This is my crime. I want goodness. As they teach. But I am incapable of understanding their methods. Why can I achieve nothing on my own? Why can nothing come of my own hard work? I cannot lean unto my own understanding? But what of my understanding of God? If I am a vessel of Godliness, can I not lean unto my own reason, my own judgement. My own light?
They groan like corpses animated with something other than life. If they are the worthy ones then let me be damned. Mine is a philosophy of living. I do not worship those who are already dead. Who have chosen never to live for themselves at all.
I will not live a half life. My soul aches for the comfort of divinity, but I know no God could love a creature such as I have become. I need no God. I ask none for help. I want no Heavenly aid. I seek only my own life. I love only my own life. The people around me are beyond my help. They are all as the burning woman, sacrificing themselves upon the alters of the supposedly divine. I cannot. Pride prevents me from committing such self immolation.
So with tears in my eyes and an aching heart, I will leave it all behind. The bodies groping blindly in the dark after their faith, crawling on their bellies like starving savages, are not mine to save. They have made their choice.
And this is mine. I chose to live. For me. For those I love. I chose to be myself and to exist in happiness and joy until the end of my days. I reject guilt and shame as unholy and profane. I demand nothing of anyone but their own worthiness. Worthy of themselves. Worthy of their potential.
So with my head held high, I forsake Heaven and all it's commands. I will not live a life of endless debt. I will pay the price myself and live for no other purpose than my own joy in this life. My happiness as a means and end above that which they preach.
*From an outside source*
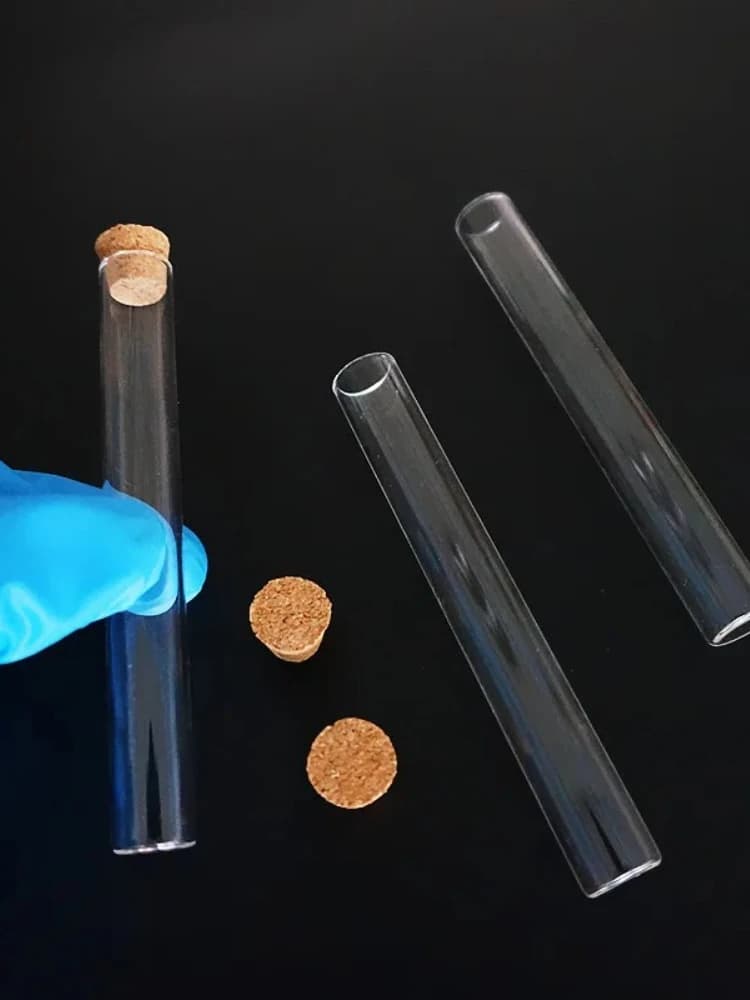 Tubes de Test en verre transparent avec bouchons, 13x100mm, 24 pièces/lot, fournitures scolaires, cadeau de mariage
Above the stars, knowing I have every ability to reach them and beyond. Above a God that would limit my life to the earth in exchange for some pretended reward.
With my head held high, I choose to be good. I choose to desire that which is right. Worthy of it all. I will live my life in such a way that no God could command otherwise.

Friday, November 30, 2012

Good enough

-Ramblings from a month ago. Feelings remain relatively the same.-

So what is this? Am I not fucking good enough for God? A creation that he forgot? An unfinished story shut in a drawer to be continued never? A black sheep that wandered too often and too far?
Clearly, something in this equation is wrong. If God exists then where is he?
If he exists then he's left me.
Better not to believe. Better that I grow up and grow out of this faith.
I must take arms against this rejection by deity. This fairytale cannot be allowed to control my life, cannot be allowed to continue.
I wanted to believe. I desired that faith.
I sat and watched as others received answers, as the same seeds that I have watered with my tears, grew orchards for those around me. "Faith." They promised me. "You're seeds will grow. Ours did. ours have."
Guilt and doubt filled the space that I had cleared for my faith.
I have been promised.
I have been lied to.
Am I not fucking good enough for God?
My saving grace, my creator, my Heavenly Father and friend?
Better to believe in myself.
I exist.
Santa Clause will not bring me what I need each December, and God will not say a word.
His silence on this front speaks volumes about what he will not say.
His silence speaks of what he dare not admit: his existence.
Heaven forbid that Heaven acknowledges itself. God forbid that God tip his hand.
Faith alone must carry us through this darkness.
Faith in a voice that will not speak, a hand that will not help, an eye that refuses to see. A heart that will not be moved to feel.
The Justice and Mercy of God would be unending, extending on forever.
The Mercy of his sacrifice, steeped in our guilt and soaked in the blood of the innocent, made necessary by the demands of Justice in a universe where the unjust hold the reins, would mean nothing at all without the blind followers of his own creation. Created for the worship of himself.
Better to see, to open my eyes to the ways of the world that a God created to forsake. 
Better to believe in myself, to know who I am and that I am good, than to bear the pain of a Father who no longer cares.
I am fucking good enough.
I'm here God. I am here and I am good. So where are you?

Tuesday, October 16, 2012

Possibilities

In that dark the night was alive with the dead. Crisp leaves, dragged by the wind, scraped themselves across the pavement, clattering like skeleton bones. The air was electric. Anticipation. Her silhouette could have appeared from around any corner, behind any tree. My heart raced and the howling wind whipped my hair across my face, tickled my lips.
By the time I entered the building and blinked against the bright lights, my hands trembled.
The elevator chimed and that one thought, that solitary, dangerous, forbidden idea slipped peacefully back into the shadows of a dream. 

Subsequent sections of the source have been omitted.